Source code for argus.callbacks.checkpoints

"""Callbacks for argus model saving.
"""
import os
import math
import warnings

from argus.engine import State
from argus.callbacks.callback import Callback
from argus.metrics.metric import init_better


[docs]class Checkpoint(Callback):
    """Save the model with a given period.

    In the simplest case, the callback can be used to save the model after
    each epoch.

    Args:
        dir_path (str, optional): Directory to save checkpoints. The
            desired directory will be created if it does not exist.
            Defaults to ''.
        file_format (str, optional): Model saving filename format. Any
            valid value names from the model State may be used. Defaults to
            'model-{epoch:03d}-{train_loss:.6f}.pth'.
        max_saves (int, optional): Number of last saved models to keep.
            Should be positive. If None - save all models. Defaults to
            None.
        period (int, optional): Interval (number of epochs) between
            checkpoint saves. Defaults to 1.
        save_after_exception (bool, optional): Save the model checkpoint
            after an exception occurs. Defaults to False.

    """

    def __init__(self,
                 dir_path='',
                 file_format='model-{epoch:03d}-{train_loss:.6f}.pth',
                 max_saves=None,
                 period=1,
                 save_after_exception=False):
        if not (max_saves is None or max_saves > 0):
            raise ValueError("max_saves should be positive or 'None'")

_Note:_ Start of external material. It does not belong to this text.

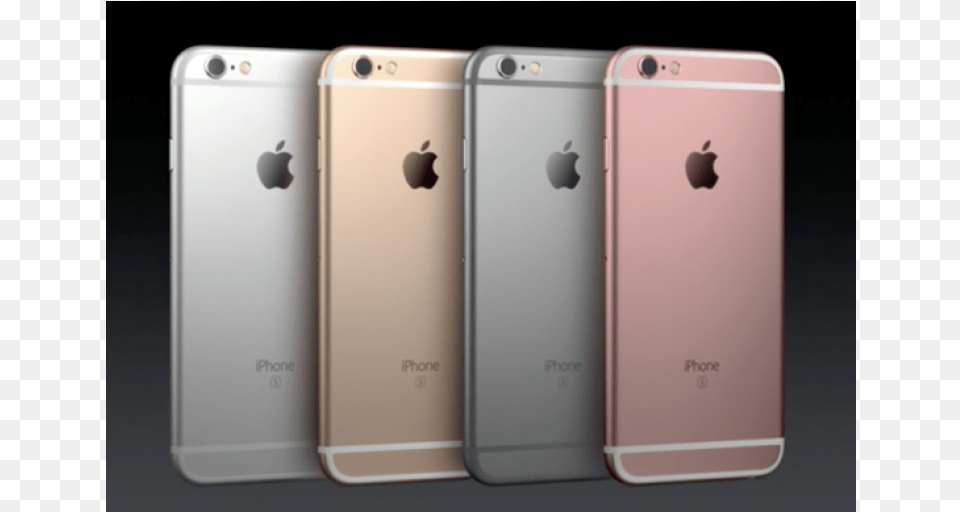 Iphone 6s Plus Rosa Iphone 6s Back Colors, Electronics, Mobile Phone, Phone Png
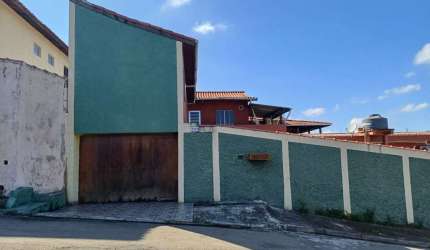Casa com 2 dormitórios para alugar por R$ 1.370/mês - Jardim Carpi - Mairiporã/SP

        self.dir_path = dir_path
        self.file_format = file_format
        self.max_saves = max_saves
        self.saved_files_paths = []
        if self.dir_path:
            if not os.path.exists(dir_path):
                os.makedirs(dir_path)
            else:
                warnings.warn(f"Directory '{dir_path}' already exists")
        self.period = period
        self.save_after_exception = save_after_exception
        self.epochs_since_last_save = 0

[docs]    def save_model(self, state: State, file_path):
        """Save model to file.

        Override the method if you need custom checkpoint saving.

        Args:
            state (:class:`argus.engine.State`): State.
            file_path (str): Checkpoint file path.
        """
        state.model.save(file_path)

    def _format_file_path(self, state: State):
        format_state = {'epoch': state.epoch, **state.metrics}
        file_name = self.file_format.format(**format_state)
        file_path = os.path.join(self.dir_path, file_name)
        return file_path

    def start(self, state: State):
        self.epochs_since_last_save = 0
        self.saved_files_paths = []

    def save_checkpoint(self, state: State):
        self.epochs_since_last_save += 1
        if self.epochs_since_last_save >= self.period:
            self.epochs_since_last_save = 0

            file_path = self._format_file_path(state)
            self.save_model(state, file_path)
            self.saved_files_paths.append(file_path)

            if self.max_saves is not None:
                if len(self.saved_files_paths) > self.max_saves:
                    old_file_path = self.saved_files_paths.pop(0)
                    if os.path.exists(old_file_path):
                        os.remove(old_file_path)
                        state.logger.info(f"Model removed '{old_file_path}'")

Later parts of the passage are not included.